Different groups of people have different ways of communication. In some groups, everyone is expected to not speak while someone else is speaking, instead waiting until there's a break where it's easy to insert oneself. In others, everyone is expected to interject and break in while the previous person is speaking, as long as you're keeping on the same track. In others still, interrupting and taking over the conversation is just how everyone does it, and if you wait for a "good moment" you will never get a word in.
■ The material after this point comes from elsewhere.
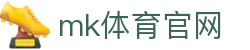 MK体育在线 - MK SPORTS 官方体育首页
None of these ways are wrong in themselves, but if you're used to one style, it can be hard to adapt to a different one when you get into a new group. It seems to me that you're most comfortable with the first variety, and your coworkers are of the second or third one. It wold be nice if the boss/facilitator/whoever is in charge of the meeting could make sure that everyone gets heard, but they may not even be aware that there is a difficulty. (If/when you are the leader in a group or meeting, remember this and try to do better!)
How to interrupt
I'll answer the second question first - how to gracefully get in there. My advice is to look at how other people do it. Do they interrupt? Do they make gestures to get everyone's attention? Do they lean in and go "uh-huh, yeah, also I think that..."? There will be some sort of unwritten rule or standard here - you need to figure out what that is. Once you've done so, you can apply that rule to yourself - if it's OK for them, then that means it's OK for you.
How to get the confidence to speak
The first question is harder. It's easy to say that you need more self-confidence, but it's hard to get there... Is there anyone in the group that you feel comfortable with? If so, could you speak to them after a meeting? Think of a point that you wanted to make during the meeting and bring it up with them - something like "Oh, after the meeting I got to thinking about the screwdrivers - what do you think about reversing the polarity?" You'll get feedback on your idea without it being in front of a dozen people. Also, you're building a rapport and a reputation - next time you're in a meeting, they will be supportive from the start because they already have a good opinion of your ideas.
At this point, every time you go to a meeting and don't say something, it will be harder to say something at the next one. You're building it up into a huge enormous decision. The only way to get past is through - make up your mind to say just one single thing. It doesn't have to be brilliant, it just has to be one single thing that you said. If you manage that, you have won. The one single thing can be as short as "I think that what Jim said is very interesting." At this point, your goal is to break the silence.
Next time, go for two things. After a few meetings when you've actually spoken, the act of speaking will be less of a hurdle. Then you can start thinking about content - about getting your own ideas out. You'll be used to the conversational style and be able to focus on your thoughts rather than on the situation.
You should also remember that most people will not even be aware that you are uncomfortable with speaking. They will be too busy wondering if what they themselves are saying is smart or stupid, or if they missed something that's obvious to everyone else, or if they should maybe just have shut up. You just can't see it by looking at them - and neither can they, by looking at you. They will spend so much energy worrying over what impression they themselves are giving that they have very little left to spend on judging you.